Zresztą podobny błąd popełnia Igor Gorzkowski w Powszechnym. Miksuje "Wariata i zakonnicę" [na zdjęciu] ze wszystkim, co w swoim teatrze subtelnie realizował latami. Swobodna wyobraźnia walczy tu o miejsce z konsekwencją w budowaniu scenicznej narracji. Reżyser wybrał tekst, by jeszcze raz mówić na swój ulubiony temat, o wyzwoleniu poprzez sztukę, ale nie może się zdecydować, czy Jacek Beler jako Walpurg to bardziej wojownik, który jeszcze zapragnie miejsca dla siebie, czy przegrany wrażliwiec, na którego nic nie czeka.

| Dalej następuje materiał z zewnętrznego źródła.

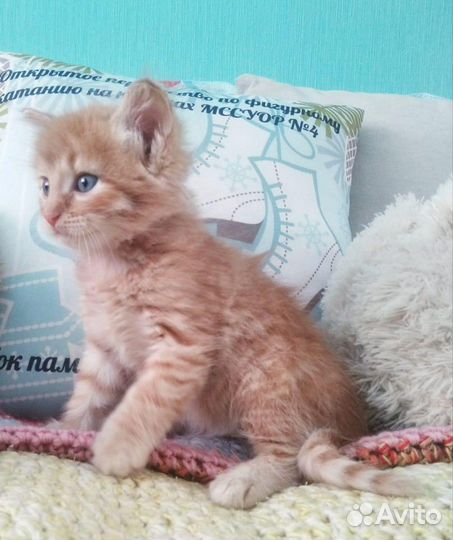 Мини тигр Морковкин поинесет счастье в дом 1 месяц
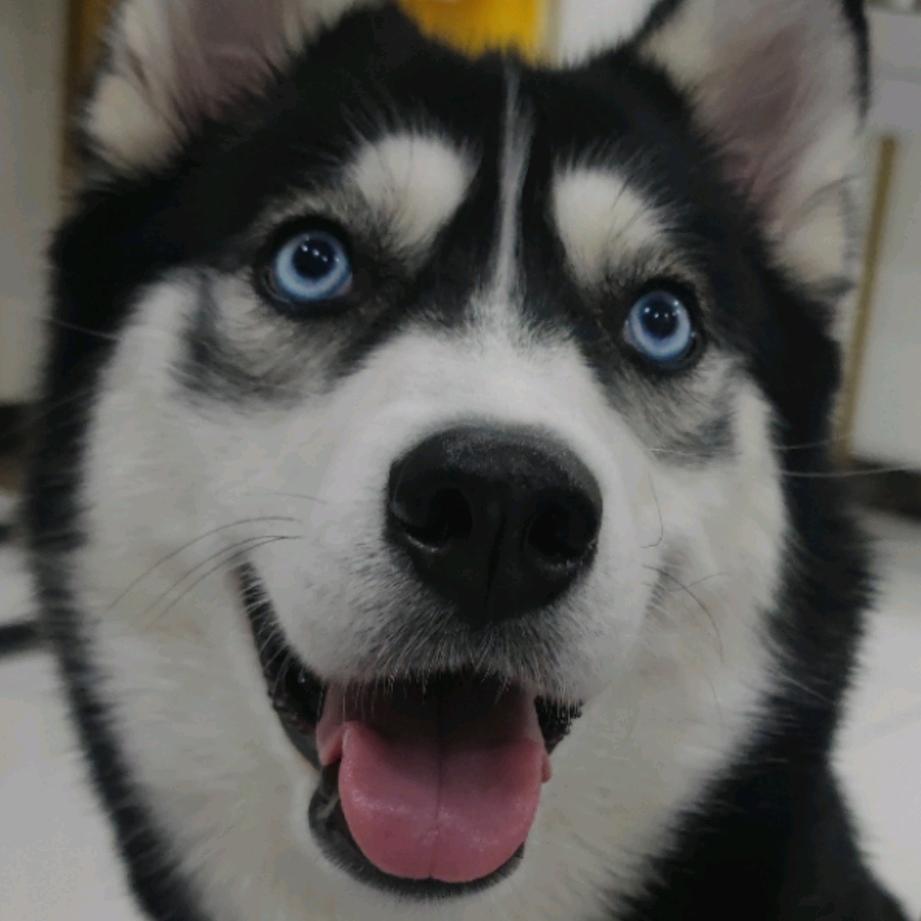 二哈陈开单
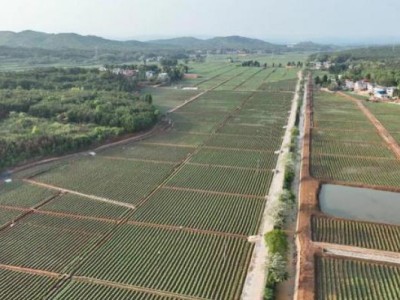 來襲！哪里有批發(fā)煙絲市場“竹報(bào)平安”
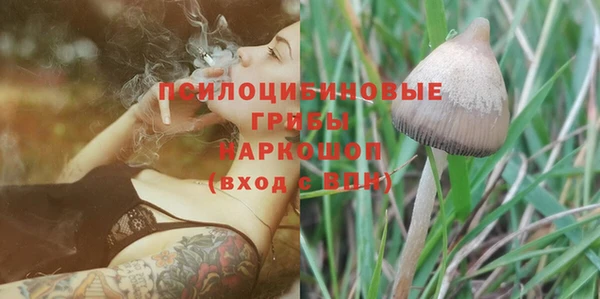 сатива Волосово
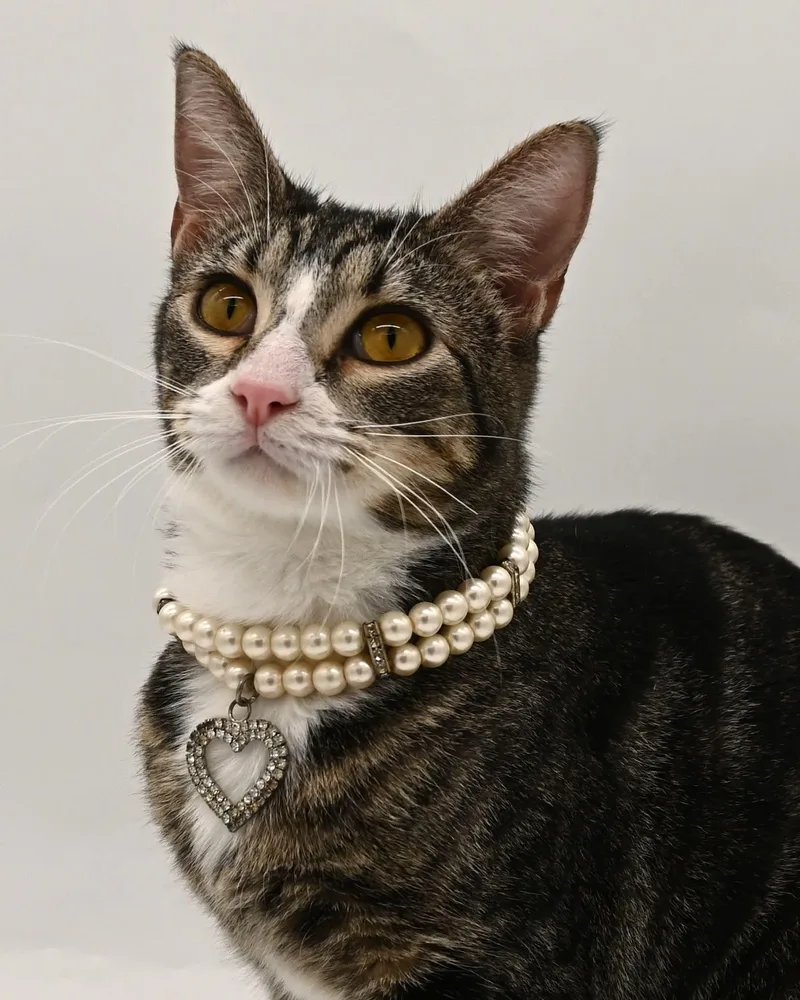 Pattycake. thumbnail 6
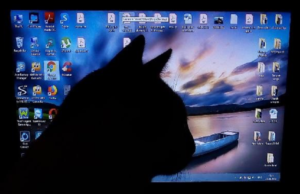 “Meow” is on the Prowl; A New Attack Targets Several Unsecured Databases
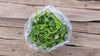 Zach's Micro Pea Shoots (/5oz)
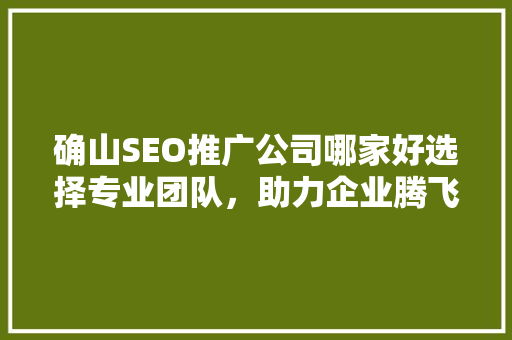 确山SEO推广公司哪家好选择专业团队，助力企业腾飞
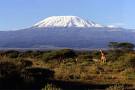 Kilimanjaro David Hurst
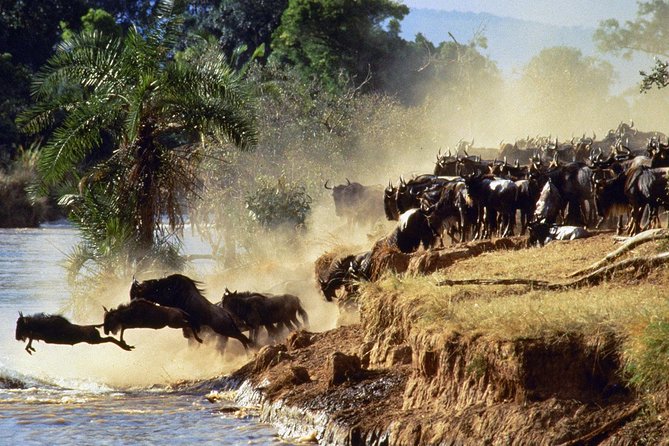 4 days group joining budget safari to Maasai Mara only - The vehicle, group size, and daily rhythm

Oto rzadki przypadek, gdy aktor gra dopracowaną do końca rolę, jednak nie sposób powiedzieć, jaką postać. Lecz Gorzkowski przynajmniej pięknie kapituluje, co widać w samym finale, po zmartwychwstaniu bohatera. Zaufajcie życiu we własnej głowie, zdaje się mówić, jednak to i tak wdzięczna powtórka z lekcji, której swoimi spektaklami udzielał wielokrotnie.

Witkacy do zunifikowanych umysłów dziś nie przemówi. Jego przepowiednia chyba spełniła się już dawno. I Englert, i Gorzkowski szukają po omacku. Reżyserują albo komedię kryminalną, albo nazbyt sentymentalnie. A gdzie fantomy pustki? Jej trzeba się bać. Wewnątrz nas. Bo nikt dziś jak Walpurg "żarem ducha ziemskiej powłoki nie spala". Gdy każdy jest kopią drugiego, rozpoczyna się męka. Innego końca świata nie będzie.